New Orleans Philharmonic Symphony
Founded in 1936, the New Orleans Philharmonic Symphony permanently suspended operations in 1991.
Founded in 1936, the New Orleans Philharmonic Symphony was the successor of several earlier orchestras—among them the New Orleans Symphony Orchestra, organized in 1910 under the baton of Severin O. Frank, and the Crescent City Symphony, organized in 1916 under the direction of Ernest E. Schuyten. He would go on to become the conductor of his newly founded New Orleans Symphony Orchestra Association in 1926. There appears to have been a hiatus in performance between 1927 and 1930, when Maestro Schuyten reintroduced the New Orleans Symphony Orchestra, but the revived organization performed only twice before fading away again.
In 1935 a new orchestra, the New Orleans Civic Symphony, came into existence with the arrival of Russian cellist Arthur Zack. It remained active, if fiscally fragile, until 1939, when a series of privately funded competing concerts led by Norwegian conductor Ole Windingstad threatened the financial viability of the Civic Symphony. This conflict resulted in the dismissal of Zack in 1940 and a name change back to the New Orleans Symphony Orchestra, this time with Ole Windingstad on the podium.
Windingstad remained the organization’s musical leader until his resignation in 1944, by which time the orchestra, consisting of seventy full-time salaried musicians, was offering ten subscription concerts, six youth concerts, and a Pops series. In 1951 the orchestra, then under the baton of Massimo Freccia (1944–1952), merged with the Philharmonic Society—which had been presenting its own concert series since 1906—and became known as the New Orleans Philharmonic Symphony Orchestra.
Freccia’s successor was Alexander Hilsberg (1952–1960), who was followed by Werner Torkanowsky (1963–1977). Leonard Slatkin served as music advisor from 1977 until 1980, when Philippe Entremont (1980–1986) was appointed music director.

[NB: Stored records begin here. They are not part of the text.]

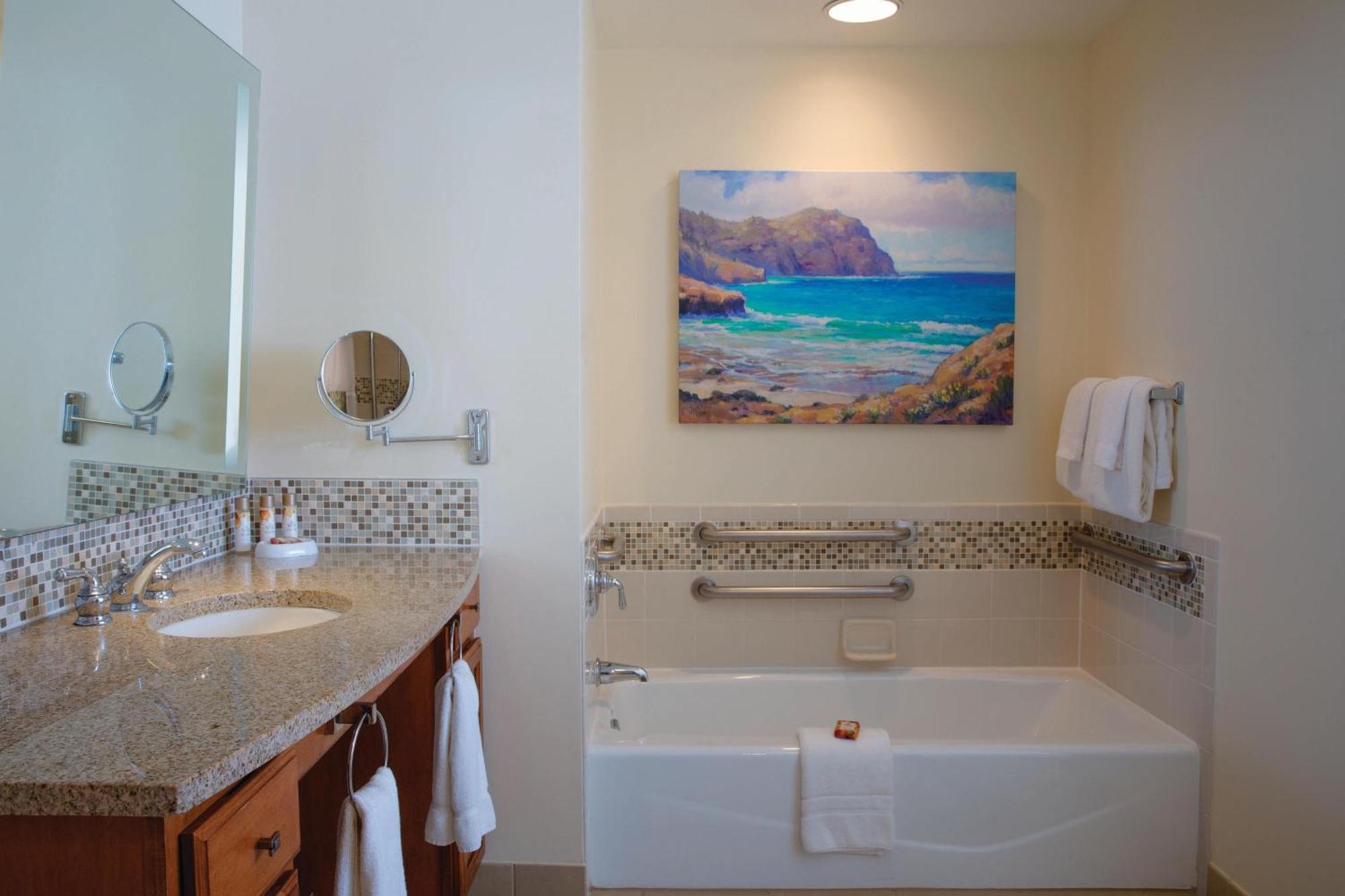 Marriott'S Waiohai Beach Club Koloa Exterior foto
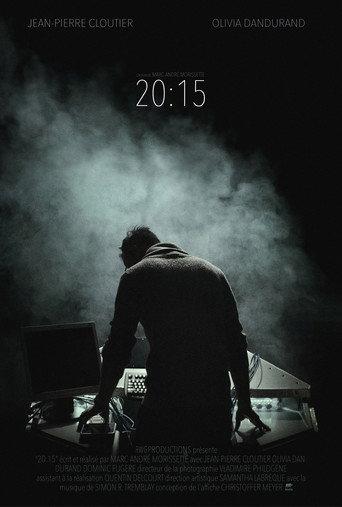 20:15 (2016) poster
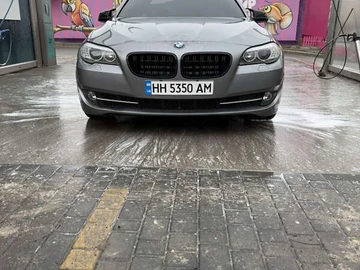 Авто BMW 5 Series 2012 № 8368250
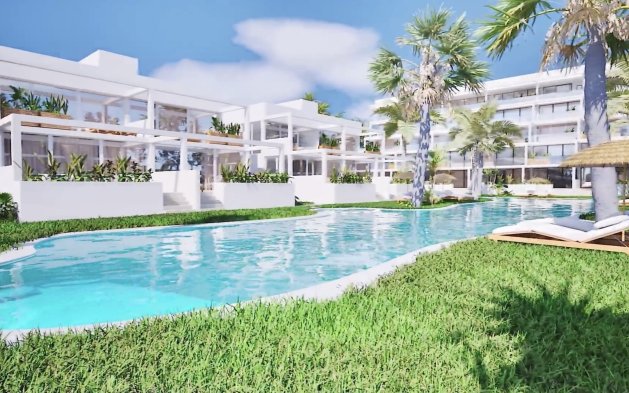 Bungalow - New Build - La Manga del Mar Menor - Mar De Cristal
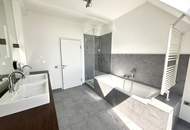 1070! Moderne, klimatisierte 4-Zimmer DG-Wohnung mit 2 Terrassen und Traumblick - ALLES AUF EINER EBENE!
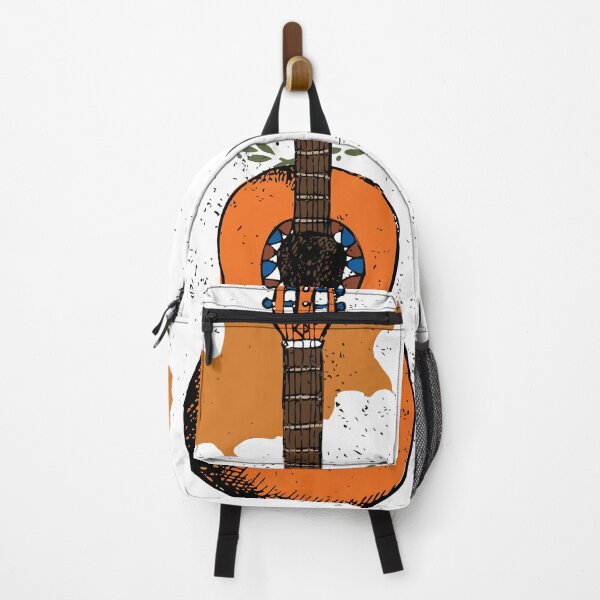 Item preview, Country Music Retro Vintage Guitar Cyprus designed and sold by pretty4u.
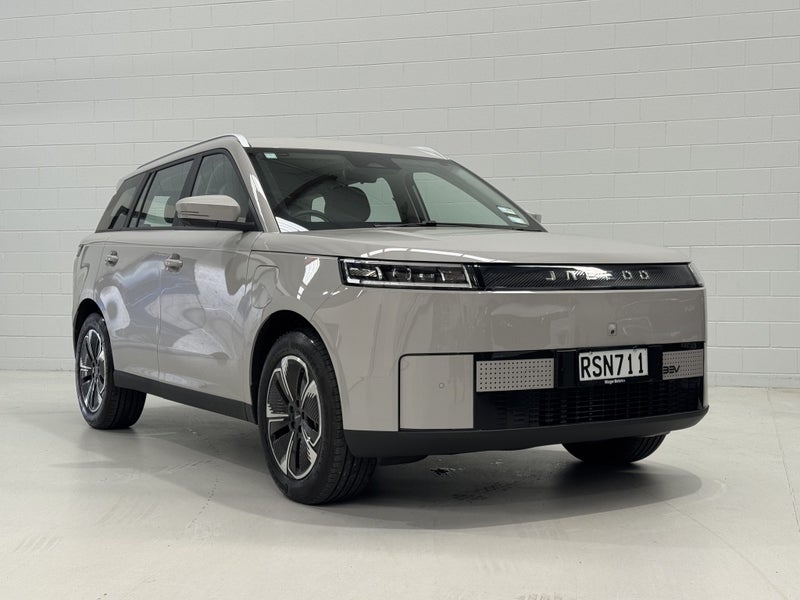 2026 Jaecoo J5 59Kwh/Ev/At
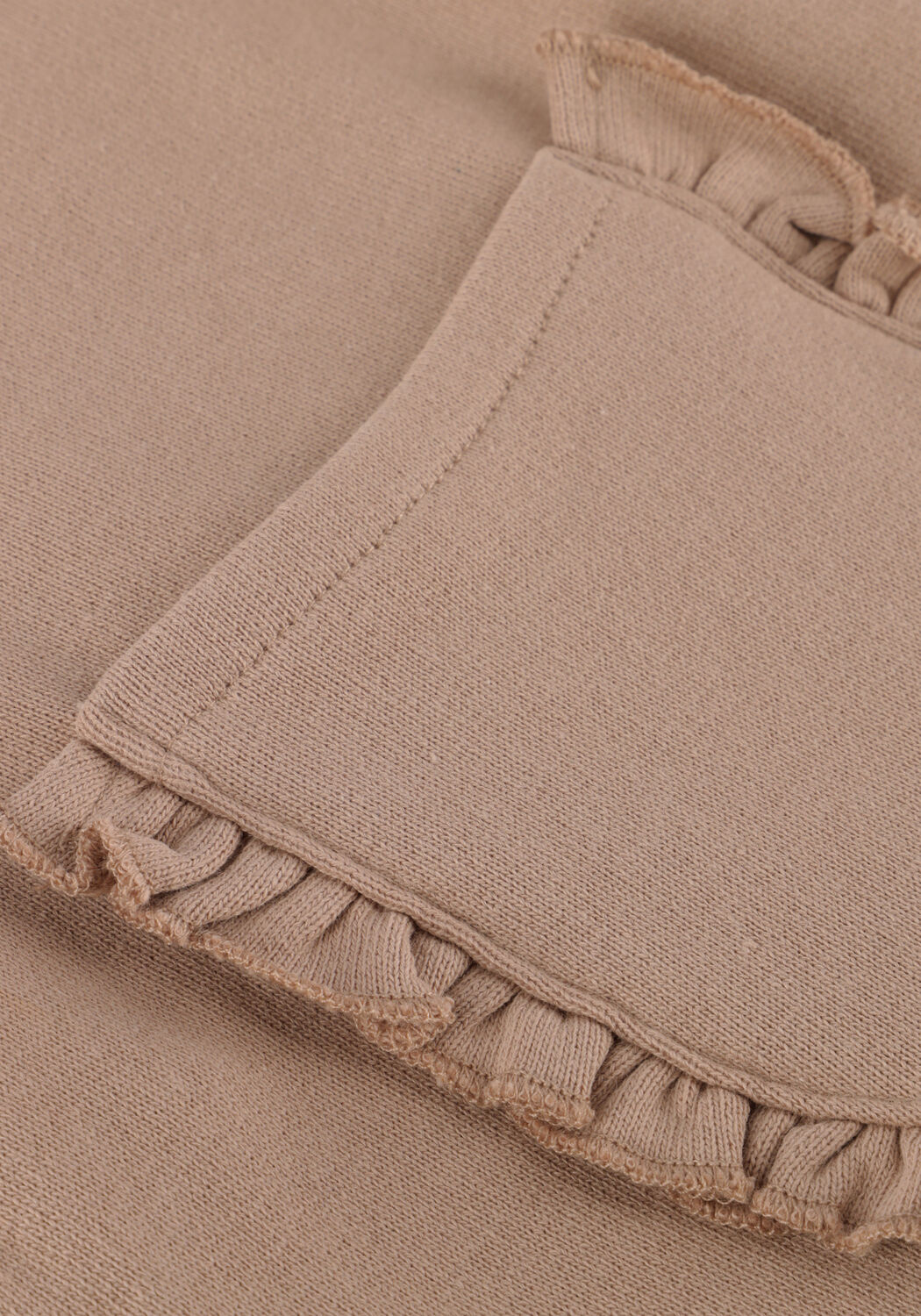 Zand LIL' ATELIER Broeken/jumpsuits NBFJOBO TIA LOOSE SWEAT OVERALL LIL - large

He was succeeded by Maxim Shostakovich (1986–1991), who served until the New Orleans Philharmonic Symphony, following its second shutdown because of financial problems (the first from January to March 1989), closed permanently after the board of directors voted to suspend operations on September 12, 1991.
Its musical home on University Place, the historic beaux-arts Orpheum Theatre, opened in 1924 and was devastated by Hurricane Katrina in 2005. To date, it has not been restored.